Tom Crone’s speech on the Climate Emergency Budget

Lord Mayor, I would like to place on record my thanks for the hard work of council officers who have been involved with the process of setting this budget.

There is no doubt that the continued impacts of austerity make each year more of a challenge, and I am extremely grateful for the team work and resilience of council officers in all departments for keeping services running despite these huge challenges.

In recent years our budget amendments have consistently called for more money to be allocated to children’s services and adult social care. While the pressure on these services is still intense, the recent announcement that Liverpool will recruit 160 children’s social care staff, and the fact that adult social care is currently within budget, mean we have decided it is possible to turn attention this year to the defining emergency of a generation.

That is the Climate Emergency that is being rightly declared in councils across the country. The UN has said we have 12 years left to cut our carbon emissions in half. Another report, also from the UN shows that the difference between 1.5 degrees centigrade and 2 degrees of warming, means millions more people impacted, the survival or extinction of all the world’s coral reefs, the disappearance of the northern ice caps. We have already warmed the planet by 1 degree, so the importance of action could not be starker.

It is not too late. The solutions are out there, all that is needed is for politicians to put their money where their mouths are and start the green revolution.

That is exactly what our budget amendment does.

We propose the creation of a £120m Climate Emergency Fund. This will give a budget of 30m per year for the next four years to be spent on carbon reduction measures. Tried and tested technologies, such as renewable energy installations, home insulation and sustainable transport, as well as new pioneering ideas, which Liverpool can become a leader in, such as carbon extraction and moving away from private car ownership via the promotion of a council run, city wide, community car club.

None of these actions alone is revolutionary, but taken together they represent the beginning of a Green Revolution.

This investment will benefit the people of Liverpool, not just because our air will be cleaner, our roads less congested and the climate less at threat, but in more direct ways too.

With better insulated homes, we can start to tackle the scourge of fuel poverty. As shared ownership of vehicles becomes the norm, people who can’t afford a car today, will in the future have access to one. With the investment in these vital green measures, we will create jobs and new opportunities for Liverpool based businesses.

I am in no doubt that given the pressure on council finances, to really achieve long term ecological sustainability we will need government investment as well. But we cannot afford to wait for Whitehall to decide there is a climate emergency. The Intergovernmental Panel on Climate Change has already made this abundantly clear, so it is the responsibility of every decision maker at every level in every country to do whatever they can to secure the future for our children and all generations after that.

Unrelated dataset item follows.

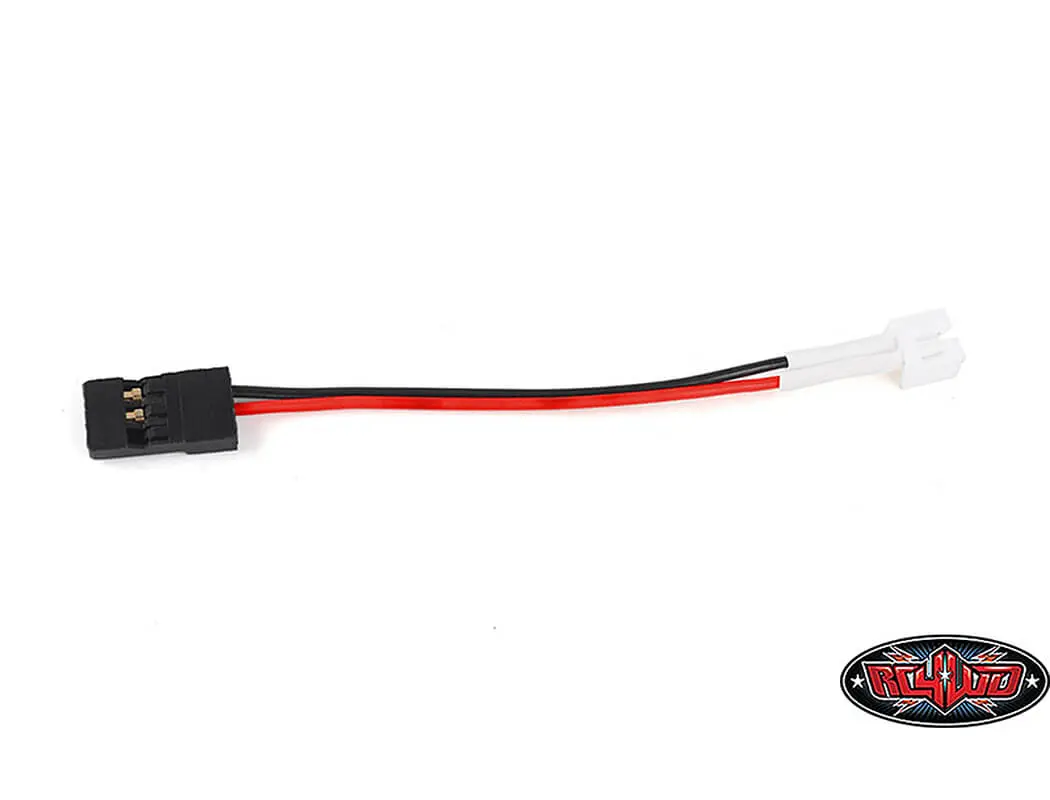 Rc4wd Front Light Bar for Axial Scx10 Iii Early Ford Bronco – RC Cars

We can decide tonight to respond, to make changes to our business as usual plans and start a journey towards a greener future, or we can duck the decision and kick the can further down the road. Only there is not much road left, we are close to the cliff edge.

Its decision time. Tonight we choose to invest £120m in Liverpool’s transformation, or we decide instead to put most of that money into road repairs.

I spend time on Liverpool’s roads like everyone in this room, so I know they are in urgent need of investment. That is why our budget only takes a portion of the highways investment fund. Each year we will still allocate an additional 10-15m for road repairs, so a significant increase. We feel this is an adequate sum to address the most urgent repairs to make the roads as safe as possible for all road users.

Therefore we have a choice between committing enormous sums laying down more tarmac so that we can carry on as before, or we can face up to the challenges before us and choose a new path.

And lets be in no doubt, approving our amendment tonight will put Liverpool on the map. This will be a major statement from one of the country’s major cities that enough is enough. It will show the way for other local authorities, and it might even finally shame the government into action. If we can take decisive action despite everything they have thrown at us, then what on earth are they waiting for?

With half the world’s population living in cities, and over half the world’s carbon emissions coming from cities we have to be the leaders on this issue. With our coast line, our wind (which as a cyclist I am all too aware of), and much more sun than Manchester, Liverpool is in prime position to lead the way on renewable energy.

Liverpool is a city which knows how to pull together in a crisis, a city that has reinvented itself before, and which can do it again. If we as city leaders show vision and leadership there is no limit to what we can achieve.

I therefore recommend this Climate Emergency Budget to council and urge you to support it.